## Exercise details
Search the listing for the string "Drive" and copy every line that contains it.

+++ Exercise input

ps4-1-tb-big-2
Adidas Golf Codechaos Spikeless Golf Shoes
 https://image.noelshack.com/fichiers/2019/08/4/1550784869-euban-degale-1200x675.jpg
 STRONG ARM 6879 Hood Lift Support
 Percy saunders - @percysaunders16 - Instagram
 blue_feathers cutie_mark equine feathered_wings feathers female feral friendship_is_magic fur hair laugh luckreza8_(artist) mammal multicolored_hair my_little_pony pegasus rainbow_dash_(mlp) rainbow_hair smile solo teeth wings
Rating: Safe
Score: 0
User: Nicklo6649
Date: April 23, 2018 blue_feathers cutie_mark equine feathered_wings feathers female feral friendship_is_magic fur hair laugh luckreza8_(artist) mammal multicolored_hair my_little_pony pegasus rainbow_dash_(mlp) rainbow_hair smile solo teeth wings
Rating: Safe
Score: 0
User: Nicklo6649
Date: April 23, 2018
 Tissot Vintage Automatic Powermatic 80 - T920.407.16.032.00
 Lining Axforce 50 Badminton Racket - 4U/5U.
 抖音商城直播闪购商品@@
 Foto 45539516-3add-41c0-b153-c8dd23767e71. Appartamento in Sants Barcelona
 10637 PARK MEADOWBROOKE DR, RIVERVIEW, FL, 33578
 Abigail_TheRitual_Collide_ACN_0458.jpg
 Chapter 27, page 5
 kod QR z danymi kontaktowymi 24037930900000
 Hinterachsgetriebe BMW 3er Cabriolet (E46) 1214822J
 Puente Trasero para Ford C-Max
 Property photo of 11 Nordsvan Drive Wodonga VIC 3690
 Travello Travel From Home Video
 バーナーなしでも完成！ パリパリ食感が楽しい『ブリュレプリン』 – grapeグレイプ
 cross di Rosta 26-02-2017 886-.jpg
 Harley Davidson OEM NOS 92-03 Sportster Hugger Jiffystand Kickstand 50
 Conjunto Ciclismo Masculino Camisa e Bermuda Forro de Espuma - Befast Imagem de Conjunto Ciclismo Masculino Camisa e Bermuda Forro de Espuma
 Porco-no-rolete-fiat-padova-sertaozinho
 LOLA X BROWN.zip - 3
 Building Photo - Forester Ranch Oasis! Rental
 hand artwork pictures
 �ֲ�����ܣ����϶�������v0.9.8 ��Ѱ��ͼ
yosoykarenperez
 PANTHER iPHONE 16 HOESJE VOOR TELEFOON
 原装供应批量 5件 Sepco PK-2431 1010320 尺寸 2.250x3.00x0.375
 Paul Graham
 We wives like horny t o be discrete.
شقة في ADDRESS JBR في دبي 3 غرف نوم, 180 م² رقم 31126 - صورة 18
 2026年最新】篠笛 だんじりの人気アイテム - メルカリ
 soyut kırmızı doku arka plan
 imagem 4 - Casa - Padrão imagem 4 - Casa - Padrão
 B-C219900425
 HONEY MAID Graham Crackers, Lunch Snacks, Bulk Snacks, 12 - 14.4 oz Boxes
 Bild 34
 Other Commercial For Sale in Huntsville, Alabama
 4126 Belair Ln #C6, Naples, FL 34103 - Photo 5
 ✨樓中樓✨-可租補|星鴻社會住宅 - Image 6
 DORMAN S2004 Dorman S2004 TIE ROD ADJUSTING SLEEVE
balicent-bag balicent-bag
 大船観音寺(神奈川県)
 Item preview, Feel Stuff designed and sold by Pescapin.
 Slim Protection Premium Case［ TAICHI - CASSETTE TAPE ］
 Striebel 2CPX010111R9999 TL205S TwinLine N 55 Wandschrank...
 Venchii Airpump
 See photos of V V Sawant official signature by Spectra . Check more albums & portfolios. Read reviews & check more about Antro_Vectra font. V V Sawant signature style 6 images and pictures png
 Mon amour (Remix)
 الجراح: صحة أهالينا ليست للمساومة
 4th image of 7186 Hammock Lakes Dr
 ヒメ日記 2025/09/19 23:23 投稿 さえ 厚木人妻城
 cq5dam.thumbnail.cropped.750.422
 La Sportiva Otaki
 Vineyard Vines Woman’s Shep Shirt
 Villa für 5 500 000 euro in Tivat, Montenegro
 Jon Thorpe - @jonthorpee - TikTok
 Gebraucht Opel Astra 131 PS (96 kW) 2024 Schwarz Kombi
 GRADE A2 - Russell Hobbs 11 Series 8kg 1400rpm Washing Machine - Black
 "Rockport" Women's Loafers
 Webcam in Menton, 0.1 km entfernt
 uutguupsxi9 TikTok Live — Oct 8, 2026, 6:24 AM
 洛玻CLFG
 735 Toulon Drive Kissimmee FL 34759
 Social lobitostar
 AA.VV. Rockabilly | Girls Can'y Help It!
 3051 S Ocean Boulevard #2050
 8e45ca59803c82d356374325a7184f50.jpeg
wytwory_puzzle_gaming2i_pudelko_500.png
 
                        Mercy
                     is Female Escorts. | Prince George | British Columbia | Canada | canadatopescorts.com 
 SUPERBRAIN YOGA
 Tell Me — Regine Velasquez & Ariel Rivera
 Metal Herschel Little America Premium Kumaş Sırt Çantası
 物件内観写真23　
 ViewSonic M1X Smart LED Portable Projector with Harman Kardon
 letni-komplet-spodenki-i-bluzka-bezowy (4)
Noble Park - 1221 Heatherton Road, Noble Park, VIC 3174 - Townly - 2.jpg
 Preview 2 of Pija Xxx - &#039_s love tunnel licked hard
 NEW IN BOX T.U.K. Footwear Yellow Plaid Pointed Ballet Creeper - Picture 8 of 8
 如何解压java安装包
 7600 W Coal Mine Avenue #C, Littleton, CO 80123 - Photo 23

++++++

## Result of the exercise
 Property photo of 11 Nordsvan Drive Wodonga VIC 3690
 735 Toulon Drive Kissimmee FL 34759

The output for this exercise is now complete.